▶ Your goal: Please return every line below that contains the string "Blue".

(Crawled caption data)

^^^^

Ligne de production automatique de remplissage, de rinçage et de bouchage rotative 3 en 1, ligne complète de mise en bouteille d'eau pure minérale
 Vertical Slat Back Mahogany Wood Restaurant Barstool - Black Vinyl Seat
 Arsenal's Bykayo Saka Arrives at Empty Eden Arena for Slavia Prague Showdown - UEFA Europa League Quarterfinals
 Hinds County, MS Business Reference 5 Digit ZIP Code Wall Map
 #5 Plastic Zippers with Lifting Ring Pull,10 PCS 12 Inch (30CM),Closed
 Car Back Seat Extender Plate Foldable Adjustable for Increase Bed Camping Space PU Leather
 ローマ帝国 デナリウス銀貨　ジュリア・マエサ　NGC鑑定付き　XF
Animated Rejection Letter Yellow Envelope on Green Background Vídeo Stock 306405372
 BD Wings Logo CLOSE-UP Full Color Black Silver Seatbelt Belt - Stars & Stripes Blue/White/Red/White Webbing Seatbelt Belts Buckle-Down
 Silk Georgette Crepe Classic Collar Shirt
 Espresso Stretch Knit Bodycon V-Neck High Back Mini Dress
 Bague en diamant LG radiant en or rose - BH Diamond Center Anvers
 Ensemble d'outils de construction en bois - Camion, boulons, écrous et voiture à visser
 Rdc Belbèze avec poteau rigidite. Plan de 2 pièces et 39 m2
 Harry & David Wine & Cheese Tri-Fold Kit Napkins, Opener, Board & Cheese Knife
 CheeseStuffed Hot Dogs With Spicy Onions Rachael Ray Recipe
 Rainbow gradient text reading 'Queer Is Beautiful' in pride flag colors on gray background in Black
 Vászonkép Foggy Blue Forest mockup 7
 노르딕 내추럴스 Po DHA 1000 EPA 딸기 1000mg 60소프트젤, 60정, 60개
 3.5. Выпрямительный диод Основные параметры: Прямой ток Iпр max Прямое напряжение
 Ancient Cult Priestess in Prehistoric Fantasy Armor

^^^^

▶ Answer to the problem:
 BD Wings Logo CLOSE-UP Full Color Black Silver Seatbelt Belt - Stars & Stripes Blue/White/Red/White Webbing Seatbelt Belts Buckle-Down
 Vászonkép Foggy Blue Forest mockup 7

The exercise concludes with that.